This is a rental-heavy community and we say that plainly: portal activity has shown dozens of units listed for rent at a time (Apartments.com listing activity, accessed June 2026). For investors that is the proof of demand; for owner-occupants it means a renter-neighbor reality and, critically, a financing question, because lender condo-project review keys on owner-occupancy ratios. Get the current rental mix and leasing rules in writing before you write an offer.
The deal-deciding diligence is structural, not cosmetic: confirm whether your specific unit is a condominium or a fee-simple townhome, because units here have generally traded as condos even though they live like townhomes. That answer determines the dues load, the master-insurance picture, the post-2021 Florida condo reserve rules, and which loan programs work. Reported dues run about $220 to $243 a month with no CDD reported; verify all of it against the current association budget.
Quick Facts
| Category | Detail |
|---|---|
| Location | Merlot Way and Syrah Way at Outlet Centre Dr, off SR-16 just east of I-95, St. Augustine 32084 |
| County | St. Johns County |
| ZIP code | 32084 |
| Homes | Townhome-style attached units, mostly 2BR/2-2.5BA around 1,100 to 1,300 sq ft, with a smaller set of 3BR plans up to roughly 1,500 sq ft; most sold as condominiums, so verify the regime on the specific unit |
| Built | Built in the mid-2000s, roughly 2005 to 2007; verify the exact year for your building with St. Johns County records and the association |
| Home sizes | Roughly 1,100 to 1,300 sq ft for the core two bedroom plans; three bedroom plans run larger, to roughly 1,500 sq ft |
| Amenities | Community pool, playground, and maintained common grounds; the outlet malls, SR-16 services, and I-95 do the rest of the amenity work |
| Schools | St. Johns County School District (verify zoning and current ratings) |
| Gate / HOA | Not gated; association dues reported around $220 to $243 a month covering grounds, pool, and exterior items, with no CDD reported; verify the current fee, what it covers, and the budget directly with the association |
Community Overview & History
The district at a condo price
Paloma went up in the mid-2000s, roughly 2005 to 2007, on Merlot Way and Syrah Way at Outlet Centre Drive, part of the wave of attached product built off SR-16 when St. Johns County growth started pushing west of the historic city. The design brief was attainability: two story townhome-style buildings, two bedroom plans around 1,100 to 1,300 square feet with two to two and a half baths, a smaller set of three bedroom plans, a community pool, a playground, and a per-door cost the rest of the county could not touch. Two decades later that brief still holds. The community is not fancy and does not pretend to be; it is the working entry point to a county where the median detached house costs multiples of a Paloma unit, and it trades on exactly that.
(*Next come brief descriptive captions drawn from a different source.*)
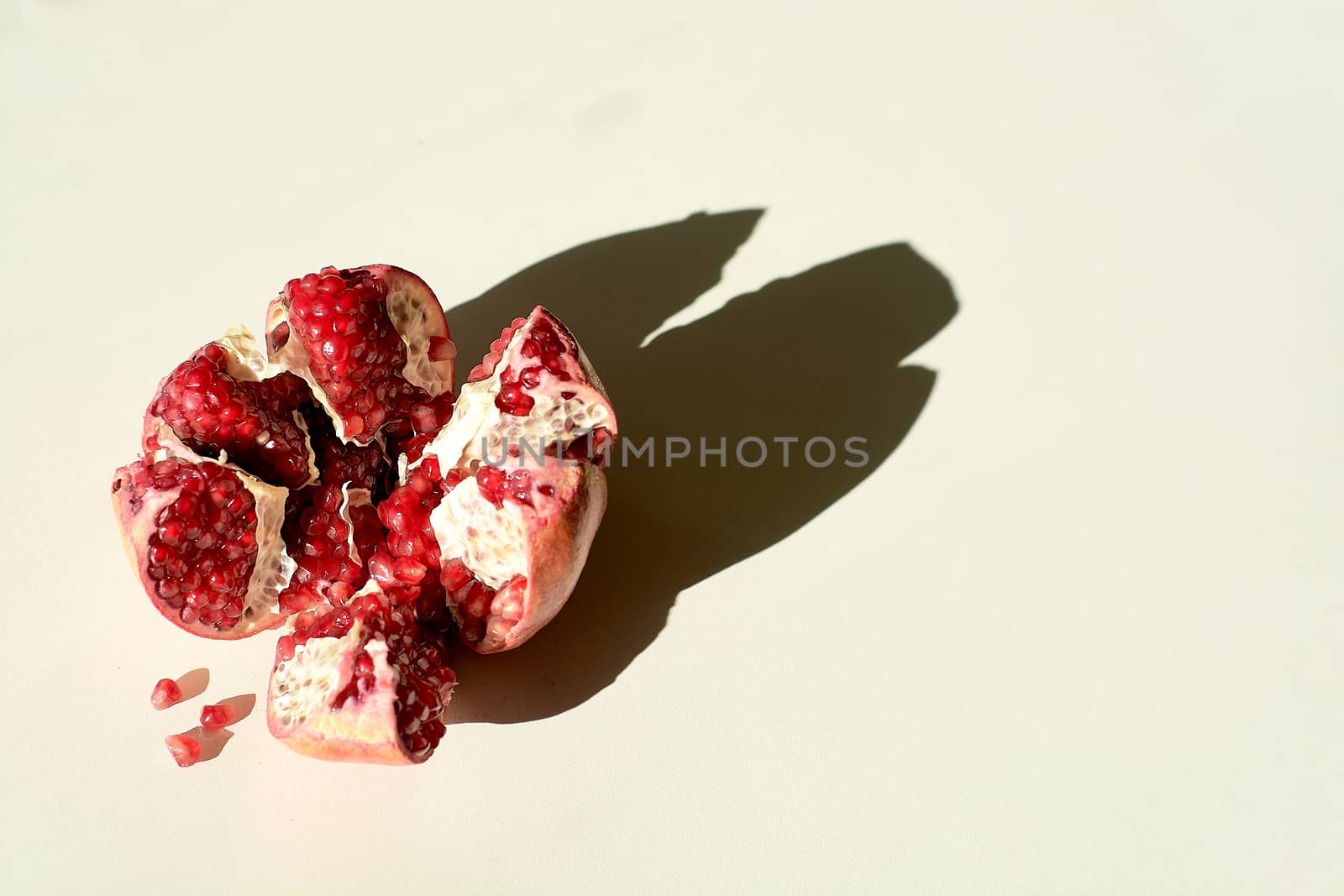Ripe red juicy pomegranate. Grains pomegranate fruit. by nixrenas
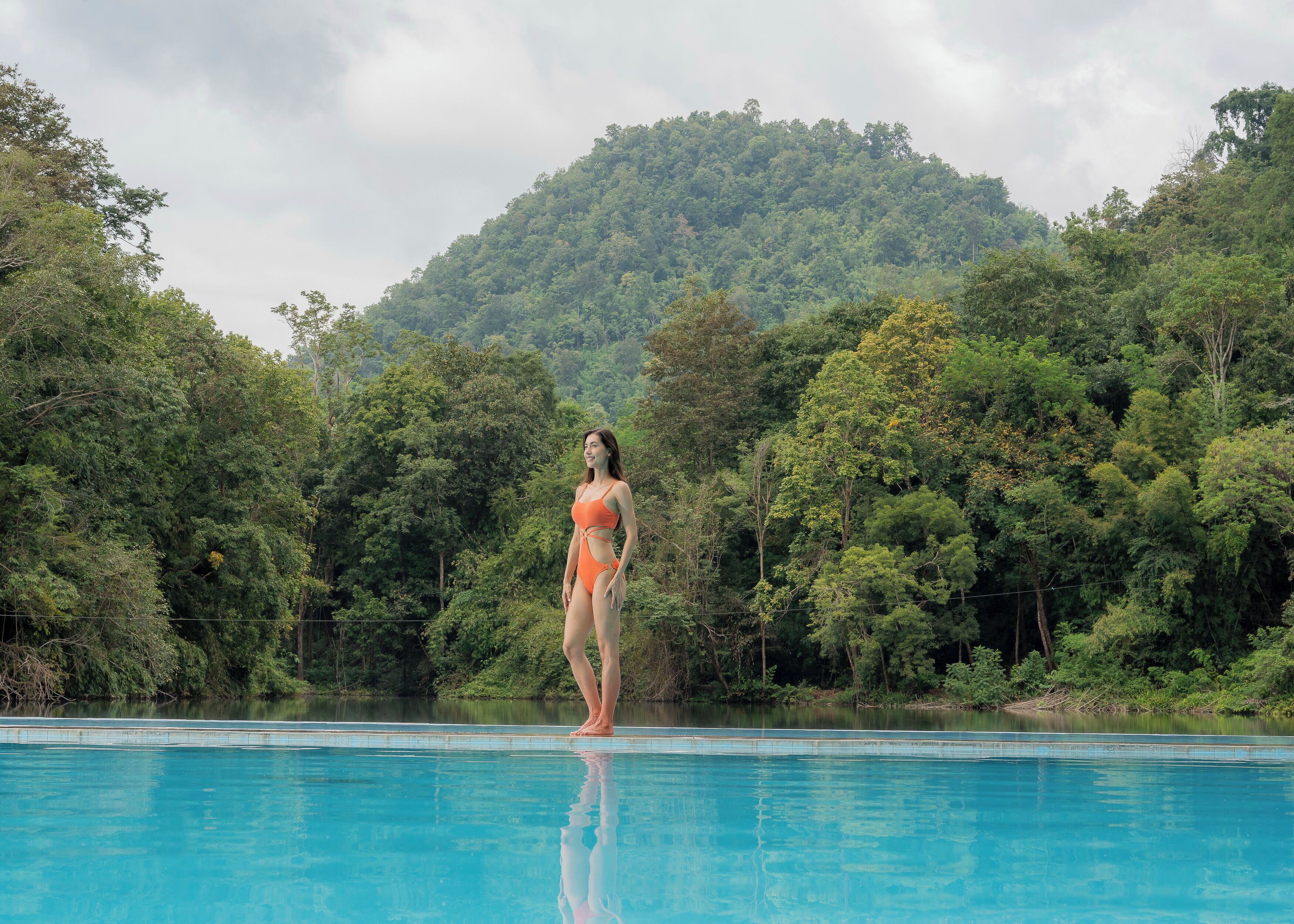 Una piscina al aire libre, sombrillas, sillones reclinables de piscina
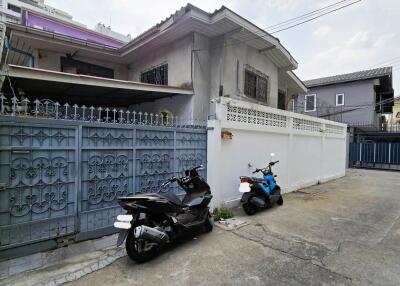 Residential house front view with gated entrance and motorbikes parked outside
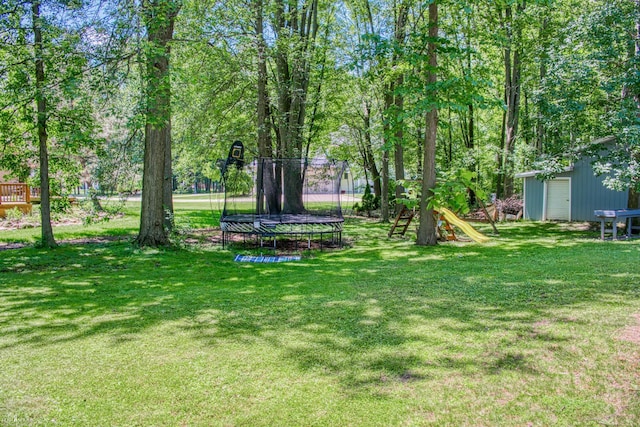 279 Ardelean Dr, Owosso, MI 48867 - view of grassy yard featuring a trampoline, a playground, and an outbuilding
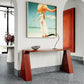 Oxblood sculptural console table on a terrazzo floor in a modern living space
What the SR-16 and I-95 position actually buys you
Convenience first: the St. Augustine Premium Outlets and the outlet corridor are essentially across the street, the SR-16 strip handles groceries and services, and the I-95 interchange puts Jacksonville, World Golf Village, and the rest of the region on the table for commuters. Historic downtown St. Augustine and Flagler College run about 10 to 15 minutes east, and the beaches about 20 to 25. The trade is the flavor of the position: this is a highway-and-retail pocket, not an oak-canopy neighborhood, with the road noise and traffic rhythm that implies. Buyers who price the location as transportation math rather than postcard scenery tend to be the ones who stay happy here.
What You Are Actually Buying
One community, a tight band of attached plans, and a price ladder that starts lower than almost anything else in the county. Figures below come from brokerage and portal sources with dates attached; the community trades in modest volume and condition varies widely between renovated and original units, so verify against the latest closed sales for your exact plan.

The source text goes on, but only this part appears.